Coons responded that O’Donnell’s question “reveals her fundamental misunderstanding of what our Constitution is. . . . The First Amendment establishes a separation.”

The candidate vying for the Senate seat held for years by Vice President Joe Biden retorted: “So you’re telling me . . . the phrase ‘separation of church and state’ is in the First Amendment?”

Her campaign issued a statement later saying she “was not questioning the concept of separation of church and state as subsequently established by the courts.

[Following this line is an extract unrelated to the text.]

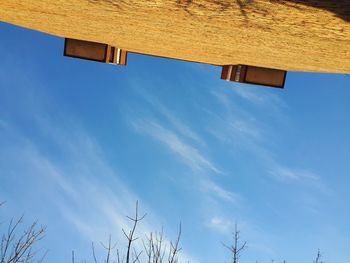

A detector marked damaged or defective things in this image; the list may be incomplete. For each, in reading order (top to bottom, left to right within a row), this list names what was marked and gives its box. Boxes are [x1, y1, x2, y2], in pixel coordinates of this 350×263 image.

rusted metal fixture [63, 39, 128, 66]
rusted metal fixture [221, 65, 288, 88]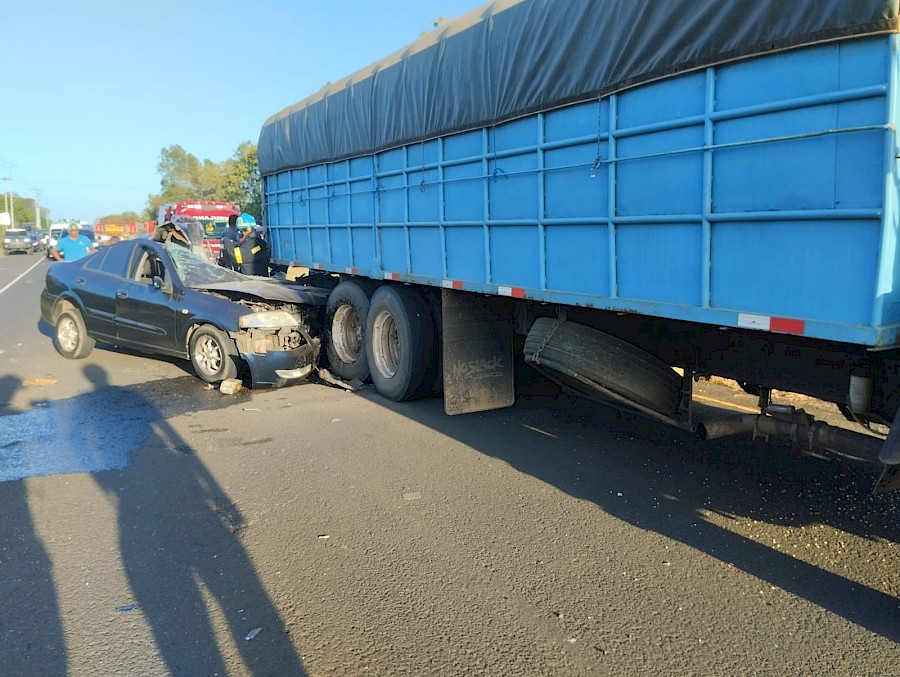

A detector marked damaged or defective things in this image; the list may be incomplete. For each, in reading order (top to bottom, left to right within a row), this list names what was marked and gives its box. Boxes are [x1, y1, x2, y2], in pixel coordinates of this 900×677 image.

She simply made the point that the phrase appears nowhere in the Constitution.”

Conservative commentator Rush Limbaugh made the same point in his radio program after the debate.

The subject of religion and the law came up during the candidates’ debate at Widener University Law School as O’Donnell criticized Coons for saying teaching creationism in public school would violate the Constitution.

Coons said private and parochial schools are free to teach creationism but that under the “indispensable principle” of separation of church and state “religious doctrine doesn’t belong in our public schools.”

The First Amendment states, “Congress shall make no law respecting an establishment of religion, or prohibiting the free exercise thereof; or abridging the freedom of speech, or of the press; or the right of the people peaceably to assemble, and to petition the government for a redress of grievances.” The phrase “separation of church and state” is usually traced to President Thomas Jefferson.